● Work request
Would you return, word for word, the lines of the data below from the line with "Mixa Natychmiastowy krem" through the line with "Lockett Gustav Leather", and no others?

● Records shown
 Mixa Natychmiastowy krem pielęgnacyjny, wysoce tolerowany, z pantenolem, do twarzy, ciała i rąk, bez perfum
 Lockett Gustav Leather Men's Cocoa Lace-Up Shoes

...

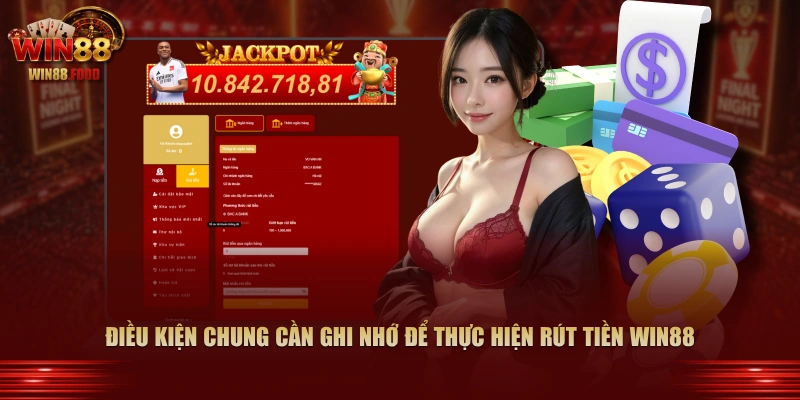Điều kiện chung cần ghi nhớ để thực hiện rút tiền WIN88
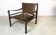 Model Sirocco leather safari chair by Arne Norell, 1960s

● Result
 Mixa Natychmiastowy krem pielęgnacyjny, wysoce tolerowany, z pantenolem, do twarzy, ciała i rąk, bez perfum
 Lockett Gustav Leather Men's Cocoa Lace-Up Shoes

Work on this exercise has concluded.